On our last day, we started at the India Gate monument, also called the All Indian War Memorial. On either column are the names of soldiers who have lost their lives in World Wars. There is an eternal flame that has been burning since 1971.
After a few picture opps, we divided into two groups: group A shopping and group B museum tour. I bet you can guess which group I was in. My friend Diego’s dad, Ramon, and I adventured across the park to the National Gallery of Modern Art.
On our walk, I asked a group of police officers where the entrance of the museum was. He asked me my name, my country of origin, and pointed me in the direction. I had a weird feeling and what do you know his laughter told the truth. He gave me the wrong directions. We trekked around the block and arrived at the destination. I really wanted to go back and kindly thank the cop for the great directions, but I figure sarcasm would be lost.
The museum was an odd layout of four independent buildings. The collection we viewed was in the back. It was a chronically view of the Indian culture from British colonization in the 17th century through the development of art schools in Calcutta and Mumbai. The finale was a collection of contemporary Indian artist. Ramon speaks a little English and I speak a little Spanish. I did my best at answering art questions and discussing my feelings about works that I found interesting.
Unfortunately, no photographs were allowed in the museum.
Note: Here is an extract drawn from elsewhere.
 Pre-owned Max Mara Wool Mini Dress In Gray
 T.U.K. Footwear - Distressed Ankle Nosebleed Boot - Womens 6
I was able to locate several images on the museums online virtual gallery.
A) Jamini Roy Bengali Woman (1926-2011) He started studying art at age 16. His goal was to capture the essence of simplicity embodied by the folk people of India. Roy also wanted to make art accessible to everyone and to give Indian art its own identity.
B) Amrita Sher-Gil Self-Portrait (1913-941) Her mother was a Hungarian Jew and her dad was an Indian aristocrat and scholar. She is known India’s Frida Kahlo and is the most expensive woman painter!
C) Biren De April, 1973 (1926-2011) His used strong geometric shapes giving a sense of vibration and meditation.
D) PT Reddy Portrait of Indira Gandhi (1915-1996) She was the Prime Minister of India and assassinated near the end of her term. His use of bold patterns creates a flat depth to the portrait of India’s female icon.
We wrapped the day with frozen yogurt and a little shopping. Looking forward to my return home!